(Records for the task begins)

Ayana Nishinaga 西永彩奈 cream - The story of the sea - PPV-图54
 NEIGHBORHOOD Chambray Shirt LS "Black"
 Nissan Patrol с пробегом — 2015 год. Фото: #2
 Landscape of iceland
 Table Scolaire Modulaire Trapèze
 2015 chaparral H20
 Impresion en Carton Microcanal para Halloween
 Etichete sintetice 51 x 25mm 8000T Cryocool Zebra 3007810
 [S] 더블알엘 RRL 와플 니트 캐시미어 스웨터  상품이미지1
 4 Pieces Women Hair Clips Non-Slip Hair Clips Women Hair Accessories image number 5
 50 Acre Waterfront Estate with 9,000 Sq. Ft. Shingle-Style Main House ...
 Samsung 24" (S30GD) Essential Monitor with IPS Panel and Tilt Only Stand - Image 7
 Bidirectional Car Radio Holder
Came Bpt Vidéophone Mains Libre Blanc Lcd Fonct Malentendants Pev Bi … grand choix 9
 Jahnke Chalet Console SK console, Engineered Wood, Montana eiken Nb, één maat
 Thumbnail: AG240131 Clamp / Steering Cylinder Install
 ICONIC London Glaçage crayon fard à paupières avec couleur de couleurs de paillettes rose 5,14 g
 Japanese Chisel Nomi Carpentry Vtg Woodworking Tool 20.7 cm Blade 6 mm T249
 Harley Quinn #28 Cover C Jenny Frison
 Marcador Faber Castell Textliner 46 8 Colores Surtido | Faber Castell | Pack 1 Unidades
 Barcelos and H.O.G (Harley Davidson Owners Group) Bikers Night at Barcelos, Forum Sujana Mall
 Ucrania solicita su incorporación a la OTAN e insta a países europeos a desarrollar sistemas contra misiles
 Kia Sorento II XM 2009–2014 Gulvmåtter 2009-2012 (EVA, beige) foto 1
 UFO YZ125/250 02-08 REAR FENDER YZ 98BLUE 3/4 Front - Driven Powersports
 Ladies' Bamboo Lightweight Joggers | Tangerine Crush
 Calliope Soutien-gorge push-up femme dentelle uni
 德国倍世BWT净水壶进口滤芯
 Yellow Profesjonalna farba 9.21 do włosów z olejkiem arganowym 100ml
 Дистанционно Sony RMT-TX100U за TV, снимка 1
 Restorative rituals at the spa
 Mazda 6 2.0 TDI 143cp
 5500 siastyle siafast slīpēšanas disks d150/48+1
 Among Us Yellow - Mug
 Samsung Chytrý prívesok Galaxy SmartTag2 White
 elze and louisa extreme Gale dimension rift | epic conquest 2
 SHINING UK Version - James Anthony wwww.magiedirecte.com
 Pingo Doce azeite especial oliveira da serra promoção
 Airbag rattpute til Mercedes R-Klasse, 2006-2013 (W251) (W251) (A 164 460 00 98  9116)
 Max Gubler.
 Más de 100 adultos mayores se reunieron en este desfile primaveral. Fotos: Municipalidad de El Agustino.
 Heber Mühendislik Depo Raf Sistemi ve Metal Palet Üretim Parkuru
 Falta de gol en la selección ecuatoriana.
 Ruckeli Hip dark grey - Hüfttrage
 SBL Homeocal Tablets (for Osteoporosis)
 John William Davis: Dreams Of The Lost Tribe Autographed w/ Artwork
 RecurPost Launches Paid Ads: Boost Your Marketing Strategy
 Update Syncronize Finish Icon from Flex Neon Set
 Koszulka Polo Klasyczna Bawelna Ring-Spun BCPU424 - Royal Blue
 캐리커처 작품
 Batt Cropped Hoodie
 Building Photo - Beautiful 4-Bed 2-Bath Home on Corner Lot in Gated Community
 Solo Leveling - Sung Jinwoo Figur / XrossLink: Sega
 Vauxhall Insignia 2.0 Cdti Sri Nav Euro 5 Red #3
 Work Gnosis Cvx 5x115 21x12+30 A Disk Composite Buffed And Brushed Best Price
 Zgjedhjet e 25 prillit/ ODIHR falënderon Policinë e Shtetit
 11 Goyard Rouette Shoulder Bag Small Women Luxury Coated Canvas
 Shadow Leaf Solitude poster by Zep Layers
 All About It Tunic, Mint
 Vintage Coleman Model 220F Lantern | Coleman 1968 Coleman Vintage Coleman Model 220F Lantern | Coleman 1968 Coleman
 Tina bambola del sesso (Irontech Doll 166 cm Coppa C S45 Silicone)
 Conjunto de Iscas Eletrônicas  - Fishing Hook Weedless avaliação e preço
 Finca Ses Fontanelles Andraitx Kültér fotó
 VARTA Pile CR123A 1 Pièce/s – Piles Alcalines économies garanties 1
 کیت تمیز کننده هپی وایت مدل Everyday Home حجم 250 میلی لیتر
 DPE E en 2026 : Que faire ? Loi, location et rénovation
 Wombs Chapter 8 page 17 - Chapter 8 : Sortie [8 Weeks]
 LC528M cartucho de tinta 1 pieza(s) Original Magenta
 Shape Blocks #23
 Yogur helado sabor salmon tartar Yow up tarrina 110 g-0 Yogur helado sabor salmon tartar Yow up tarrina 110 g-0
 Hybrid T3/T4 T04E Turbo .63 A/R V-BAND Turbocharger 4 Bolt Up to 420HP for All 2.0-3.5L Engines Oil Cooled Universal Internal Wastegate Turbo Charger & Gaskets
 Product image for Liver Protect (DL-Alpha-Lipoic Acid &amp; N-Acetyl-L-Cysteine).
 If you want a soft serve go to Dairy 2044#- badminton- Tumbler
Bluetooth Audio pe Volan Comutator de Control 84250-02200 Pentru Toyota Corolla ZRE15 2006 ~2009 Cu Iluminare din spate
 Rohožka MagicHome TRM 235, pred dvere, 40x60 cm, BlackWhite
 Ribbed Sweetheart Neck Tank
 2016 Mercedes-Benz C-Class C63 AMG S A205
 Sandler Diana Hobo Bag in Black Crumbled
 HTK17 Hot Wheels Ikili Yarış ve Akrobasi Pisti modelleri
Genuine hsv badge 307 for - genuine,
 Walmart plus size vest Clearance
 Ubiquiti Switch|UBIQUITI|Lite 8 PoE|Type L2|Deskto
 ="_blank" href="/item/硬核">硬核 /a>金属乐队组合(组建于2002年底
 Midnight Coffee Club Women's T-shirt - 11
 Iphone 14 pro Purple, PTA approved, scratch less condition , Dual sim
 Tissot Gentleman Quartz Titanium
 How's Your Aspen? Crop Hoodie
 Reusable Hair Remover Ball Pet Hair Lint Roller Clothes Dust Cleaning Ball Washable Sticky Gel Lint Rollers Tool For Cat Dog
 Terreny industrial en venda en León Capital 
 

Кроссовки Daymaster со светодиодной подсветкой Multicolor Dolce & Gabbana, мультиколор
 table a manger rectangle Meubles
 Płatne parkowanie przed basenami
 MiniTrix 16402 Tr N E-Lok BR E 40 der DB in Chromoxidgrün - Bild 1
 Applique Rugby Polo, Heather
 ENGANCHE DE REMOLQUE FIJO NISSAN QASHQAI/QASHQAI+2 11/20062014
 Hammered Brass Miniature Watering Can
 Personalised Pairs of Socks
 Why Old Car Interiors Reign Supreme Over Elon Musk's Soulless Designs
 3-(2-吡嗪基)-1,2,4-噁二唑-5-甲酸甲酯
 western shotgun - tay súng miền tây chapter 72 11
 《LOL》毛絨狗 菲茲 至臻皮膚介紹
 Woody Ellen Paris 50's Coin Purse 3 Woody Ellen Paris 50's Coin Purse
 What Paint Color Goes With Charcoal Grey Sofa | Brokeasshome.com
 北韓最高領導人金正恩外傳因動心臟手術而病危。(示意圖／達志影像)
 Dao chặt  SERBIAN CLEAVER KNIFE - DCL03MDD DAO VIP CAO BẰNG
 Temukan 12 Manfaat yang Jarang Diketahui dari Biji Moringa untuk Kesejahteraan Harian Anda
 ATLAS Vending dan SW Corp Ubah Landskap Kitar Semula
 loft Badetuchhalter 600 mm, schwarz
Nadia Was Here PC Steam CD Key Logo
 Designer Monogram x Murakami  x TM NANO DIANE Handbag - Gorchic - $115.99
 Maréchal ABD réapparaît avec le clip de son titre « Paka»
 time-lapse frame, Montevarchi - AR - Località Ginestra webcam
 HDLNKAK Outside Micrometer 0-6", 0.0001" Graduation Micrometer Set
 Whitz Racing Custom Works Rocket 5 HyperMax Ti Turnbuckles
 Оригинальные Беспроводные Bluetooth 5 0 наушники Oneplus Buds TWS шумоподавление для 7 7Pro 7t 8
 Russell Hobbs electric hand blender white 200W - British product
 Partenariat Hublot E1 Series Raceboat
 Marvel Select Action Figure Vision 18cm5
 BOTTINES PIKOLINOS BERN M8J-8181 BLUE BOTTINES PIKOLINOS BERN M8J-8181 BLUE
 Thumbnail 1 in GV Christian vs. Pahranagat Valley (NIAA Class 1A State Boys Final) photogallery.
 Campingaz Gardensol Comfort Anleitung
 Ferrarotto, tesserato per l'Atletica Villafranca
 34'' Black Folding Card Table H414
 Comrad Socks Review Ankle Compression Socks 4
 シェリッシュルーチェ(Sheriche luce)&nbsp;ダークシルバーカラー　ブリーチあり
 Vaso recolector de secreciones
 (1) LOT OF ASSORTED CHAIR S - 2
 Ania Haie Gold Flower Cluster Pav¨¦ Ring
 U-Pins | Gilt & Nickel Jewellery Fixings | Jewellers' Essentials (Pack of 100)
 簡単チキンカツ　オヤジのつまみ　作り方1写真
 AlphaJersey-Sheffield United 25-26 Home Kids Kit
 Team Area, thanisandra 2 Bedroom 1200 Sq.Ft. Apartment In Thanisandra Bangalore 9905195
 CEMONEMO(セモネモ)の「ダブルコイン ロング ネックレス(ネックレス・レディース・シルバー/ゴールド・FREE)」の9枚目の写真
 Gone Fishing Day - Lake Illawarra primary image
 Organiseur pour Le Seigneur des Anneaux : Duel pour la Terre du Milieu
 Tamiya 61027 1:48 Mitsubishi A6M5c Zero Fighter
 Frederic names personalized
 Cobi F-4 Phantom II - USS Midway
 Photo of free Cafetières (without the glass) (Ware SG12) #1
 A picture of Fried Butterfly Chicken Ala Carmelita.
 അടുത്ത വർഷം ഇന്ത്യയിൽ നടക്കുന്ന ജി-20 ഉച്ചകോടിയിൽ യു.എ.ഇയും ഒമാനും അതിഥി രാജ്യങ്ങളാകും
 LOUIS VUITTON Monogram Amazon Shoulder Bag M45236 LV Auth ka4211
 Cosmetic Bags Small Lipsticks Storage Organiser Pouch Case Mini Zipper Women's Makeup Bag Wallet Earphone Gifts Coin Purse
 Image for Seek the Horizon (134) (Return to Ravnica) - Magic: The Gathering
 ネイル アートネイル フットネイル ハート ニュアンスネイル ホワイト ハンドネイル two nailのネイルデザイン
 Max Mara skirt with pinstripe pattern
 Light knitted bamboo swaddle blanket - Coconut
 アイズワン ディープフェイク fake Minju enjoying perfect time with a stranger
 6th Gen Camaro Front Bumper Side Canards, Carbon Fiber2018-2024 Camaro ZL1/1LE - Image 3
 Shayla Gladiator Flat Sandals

(Records for the task ends)

• _Action item_:
Only the span from the line with "34'' Black Folding Card Table H414" through the final line of the records goes in the output, each line unchanged.

• _Answer section_:
 34'' Black Folding Card Table H414
 Comrad Socks Review Ankle Compression Socks 4
 シェリッシュルーチェ(Sheriche luce)&nbsp;ダークシルバーカラー　ブリーチあり
 Vaso recolector de secreciones
 (1) LOT OF ASSORTED CHAIR S - 2
 Ania Haie Gold Flower Cluster Pav¨¦ Ring
 U-Pins | Gilt & Nickel Jewellery Fixings | Jewellers' Essentials (Pack of 100)
 簡単チキンカツ　オヤジのつまみ　作り方1写真
 AlphaJersey-Sheffield United 25-26 Home Kids Kit
 Team Area, thanisandra 2 Bedroom 1200 Sq.Ft. Apartment In Thanisandra Bangalore 9905195
 CEMONEMO(セモネモ)の「ダブルコイン ロング ネックレス(ネックレス・レディース・シルバー/ゴールド・FREE)」の9枚目の写真
 Gone Fishing Day - Lake Illawarra primary image
 Organiseur pour Le Seigneur des Anneaux : Duel pour la Terre du Milieu
 Tamiya 61027 1:48 Mitsubishi A6M5c Zero Fighter
 Frederic names personalized
 Cobi F-4 Phantom II - USS Midway
 Photo of free Cafetières (without the glass) (Ware SG12) #1
 A picture of Fried Butterfly Chicken Ala Carmelita.
 അടുത്ത വർഷം ഇന്ത്യയിൽ നടക്കുന്ന ജി-20 ഉച്ചകോടിയിൽ യു.എ.ഇയും ഒമാനും അതിഥി രാജ്യങ്ങളാകും
 LOUIS VUITTON Monogram Amazon Shoulder Bag M45236 LV Auth ka4211
 Cosmetic Bags Small Lipsticks Storage Organiser Pouch Case Mini Zipper Women's Makeup Bag Wallet Earphone Gifts Coin Purse
 Image for Seek the Horizon (134) (Return to Ravnica) - Magic: The Gathering
 ネイル アートネイル フットネイル ハート ニュアンスネイル ホワイト ハンドネイル two nailのネイルデザイン
 Max Mara skirt with pinstripe pattern
 Light knitted bamboo swaddle blanket - Coconut
 アイズワン ディープフェイク fake Minju enjoying perfect time with a stranger
 6th Gen Camaro Front Bumper Side Canards, Carbon Fiber2018-2024 Camaro ZL1/1LE - Image 3
 Shayla Gladiator Flat Sandals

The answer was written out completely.